From 2011 to 2016, de Boo was chief executive of the Vegan Society in Birmingham, England. During that time, the charity doubled its number of staff from 12 to 24 full-time equivalents. In 2015, de Boo hosted representatives of the German association VEBU on their visit to the Vegan Society in Birmingham.

In 2017, VEBU co-founded ProVeg International and renamed itself ProVeg Germany. De Boo joined the ProVeg International executive team in the following year, and became vice president in May 2020.

== Political candidacies ==
De Boo ran in four elections but did not get elected. In 2004, she ran on the party list of the Party for the Animals, as candidate 5 out of 19. After founding Animals Count, she ran for the London Assembly in Lambeth and Southwark in 2008, with the proposal for an NHS-style animal healthcare system. She also ran as lead candidate of the party in the 2009 European Parliament elections. In 2010, she ran for the Party for the Animals in the Dutch general election.

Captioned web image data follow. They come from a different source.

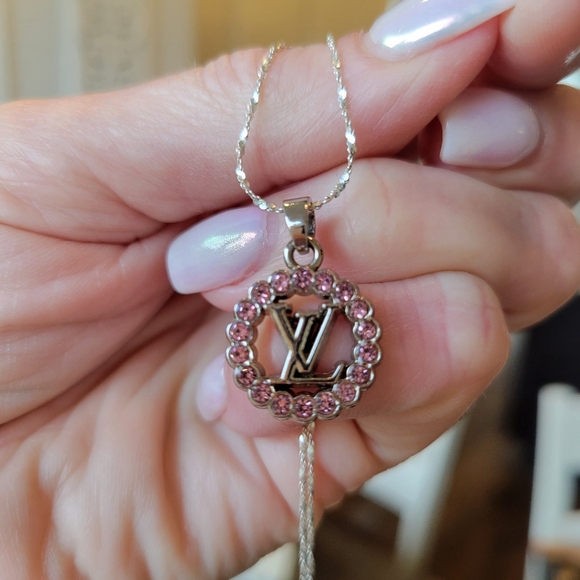 Authentic Louis Vuitton Rhinestone Charm Necklace - Picture 5 of 7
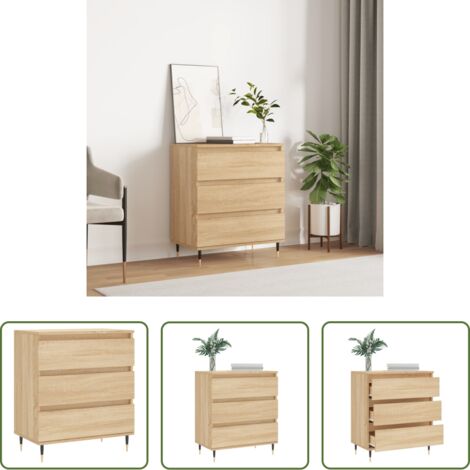 Credenza in legno multistrato -  Credenza Rovere Sonoma 60x35x70 cm in Legno Multistrato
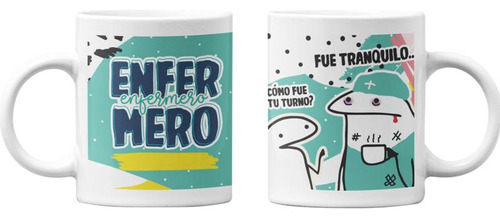 Tazones Tazas Blancas Enfermero Regalo Enfermero Profesion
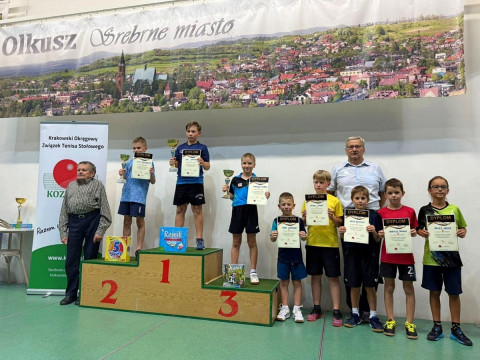 Sukcesy tenisistów stołowych TG „Sokół” Brzesko w 2025 roku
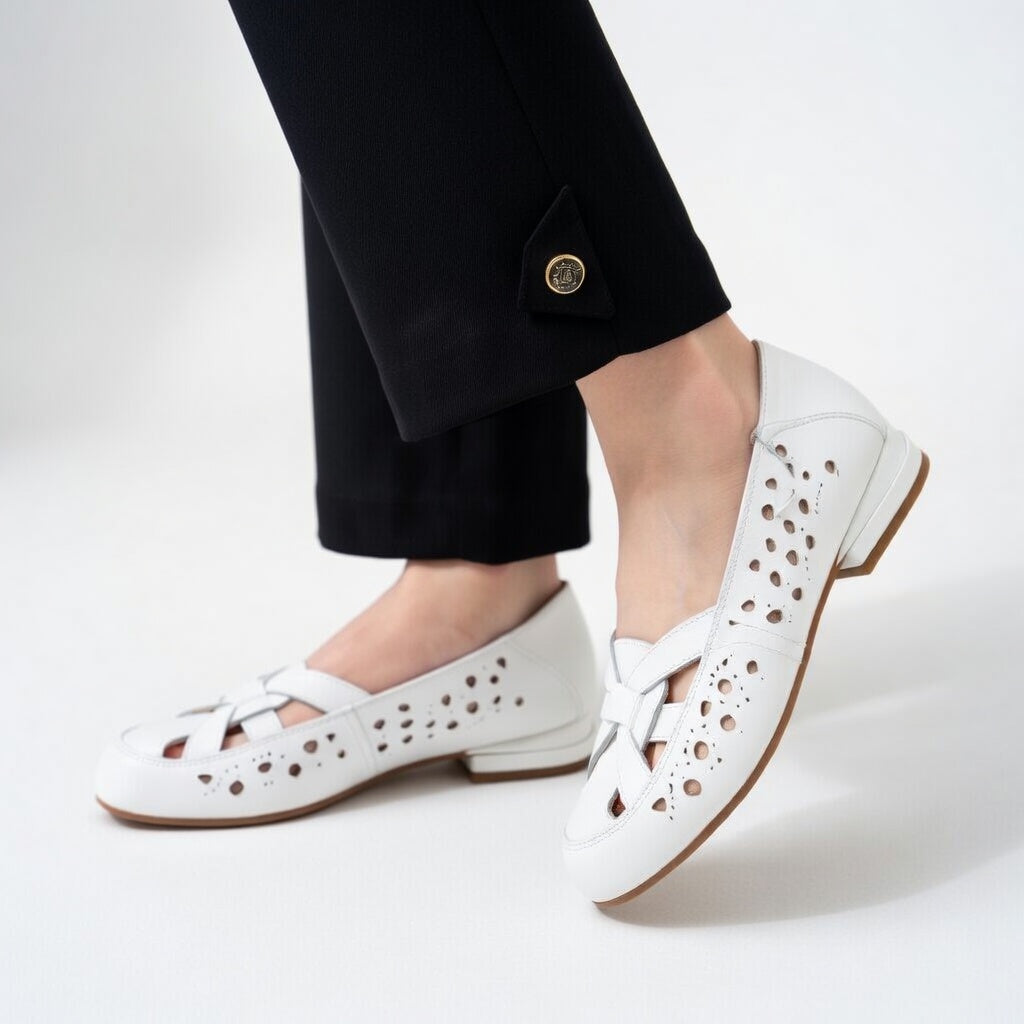 Élodiane | Ballerines ajourées élégantes confortables ergonomiques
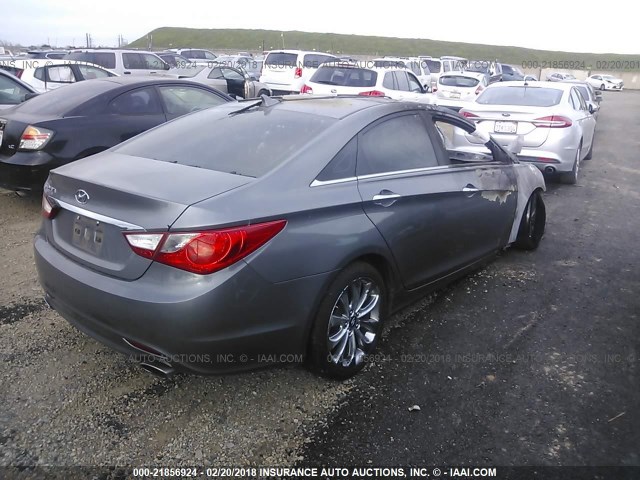 5NPEC4ACXBH225321 - 2011 HYUNDAI SONATA SE/LIMITED GRAY photo 4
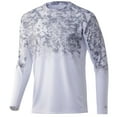 thumbnail image 1 of HUK Performance Fishing Icon X Tide Change Fade Long Sleeve - Mens, Hogs Back, L, 1 of 9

| Election | Constituency | Candidate for | Votes | % | Seats |
|---|---|---|---|---|---|
| 2004 European Parliament election | Netherlands | Party for the Animals | party: 153,432 de Boo: 1,638 | 3.22 0.03 | 0 |
| 2008 London Assembly election | Lambeth and Southwark | Animals Count | de Boo: 1,828 | 1.12 | 0 |
| 2009 European Parliament election | East of England | Animals Count | party: 13,201 | 0.82 | 0 |
| 2010 Dutch general election | Netherlands | Party for the Animals | party: 122,317 de Boo: 691 | 1.3 0.007 | 2 |

== Personal life ==
De Boo has been vegan since January 2003 (when she was 27), "mainly [for] the animals". She previously became vegetarian in 1987 (aged 11 or 12).

De Boo has a partner, Andrew Knight, who is a professor of animal welfare. The couple occasionally co-author scientific publications.